It’s kind of like how Tiny Tina’s Wonderlands mixed elements of Borderlands-esque science fiction with fantasy. Only bloodier and more serious.
Now, for the most part, the gameplay and combat in DOOM: The Dark Ages is similar to that of DOOM and DOOM Eternal. There’s no reloading or iron sights; finishing off enemies with special moves causes them to drop ammo, armor, and health packs; and you move like you’ve got a brand new pair of roller-skates and that zombie-looking guy over there has a brand new key.
But it also has a lot of new, and engaging, combat mechanics that make this feel somewhat different from those earlier games.
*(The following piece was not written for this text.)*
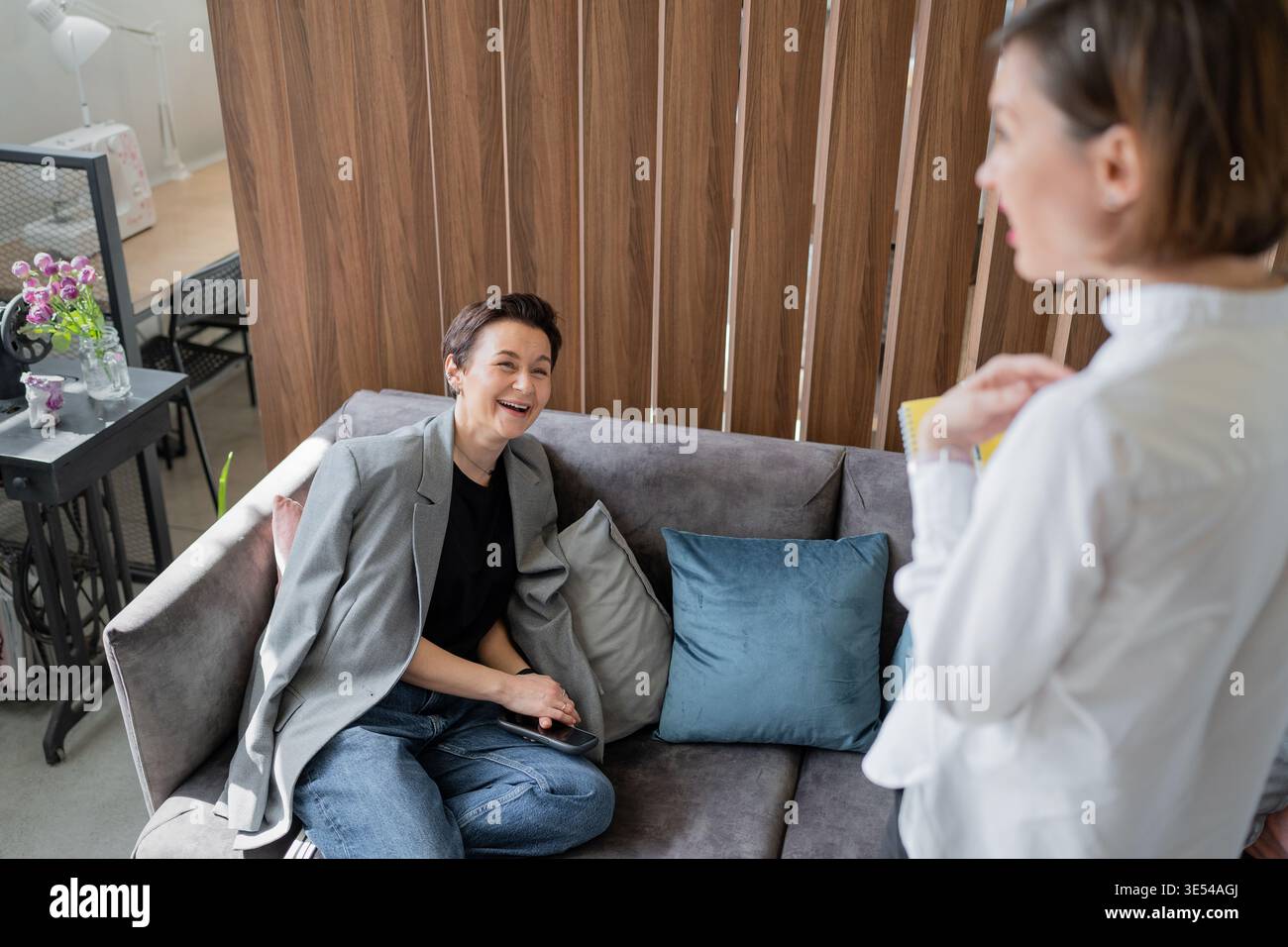 Weibliche Kollegen, die sich in entspannter Büroumgebung auf dem Sofa ausruhen und unterhalten. Entspannt, Gespräch, Kollegen, Sofa, Büro, Teamwork. Stockfoto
This became readily apparent…
in the first section we got to play, which encompassed the game’s opening and the beginning of the second level. With enemies attacking the castle in hopes of drawing you out, you oblige them by beaming down from a space station, your shotgun at the ready.
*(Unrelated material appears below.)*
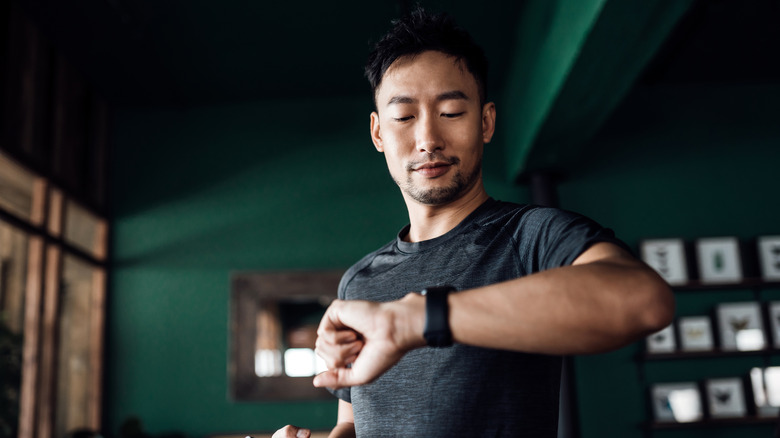 man using smartwatch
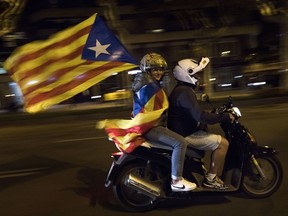 A woman holds an estelada or independence flag on a motorcycle after taking part on a protest against the National Court's decision to imprison civil society leaders without bail, in Barcelona, Spain, Tuesday, Oct. 17, 2017. Protesters were gathering for a fresh round of demonstrations in Barcelona Tuesday to demand the release of two leaders of Catalonia's pro-independence movement who were jailed in a sedition probe. (AP Photo/Emilio Morenatti)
Well, mostly. Right away, I learned that while you still shoot by pulling the right trigger, pulling the left does not engage your gun’s special attack. Instead, it pulls up your shield. And I mean a physical shield like the ones in Avowed, not like the energy one you have in Halo Infinite.
Though it’s a lot handier than the ones in Avowed. While it can withstand many shots before failing, it can also — if you time it right, and use it against attacks that are green — parry incoming attacks, returning them to their rightful owners. This is especially helpful when fighting enemies who fling green energy at you, and need to be hit multiple times before dying.
Or, as I learned later, sometimes these green attacks aren’t energy but people coming at you fists first.
Your shield in DOOM: The Dark Ages…
can also be used in a melee attack called a Shield Charge. If you’re facing an enemy who is susceptible to these kinds of attacks, and hold the left trigger to lock onto them, you can then hit the right trigger and send yourself flying into them, reducing them (and any enemies standing next to them) to chunks.
This is especially fun when you find yourself above a bunch of enemies and can use the Shield Charge to come down on them like a missile strike.
The Shield Charge can also be used to destroy certain barriers, including some (hint, hint) that hide the entrances to secret places.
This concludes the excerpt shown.